Records excerpted from a collection:
'''

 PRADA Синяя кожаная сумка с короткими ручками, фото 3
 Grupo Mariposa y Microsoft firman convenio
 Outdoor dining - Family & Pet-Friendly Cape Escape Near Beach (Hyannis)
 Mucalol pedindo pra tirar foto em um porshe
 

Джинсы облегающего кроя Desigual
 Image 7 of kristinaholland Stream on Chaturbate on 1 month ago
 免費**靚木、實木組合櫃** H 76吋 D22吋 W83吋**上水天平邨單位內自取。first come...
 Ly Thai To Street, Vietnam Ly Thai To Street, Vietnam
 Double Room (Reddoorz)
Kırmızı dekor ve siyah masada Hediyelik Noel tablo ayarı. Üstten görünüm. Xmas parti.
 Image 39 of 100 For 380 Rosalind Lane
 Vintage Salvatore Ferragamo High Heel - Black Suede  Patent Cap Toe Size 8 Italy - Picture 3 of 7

'''

> **EXERCISE DESCRIPTION**
Go through the entries above and copy out every line that includes the word "Image".

> **ANSWER BOX**
 Image 7 of kristinaholland Stream on Chaturbate on 1 month ago
 Image 39 of 100 For 380 Rosalind Lane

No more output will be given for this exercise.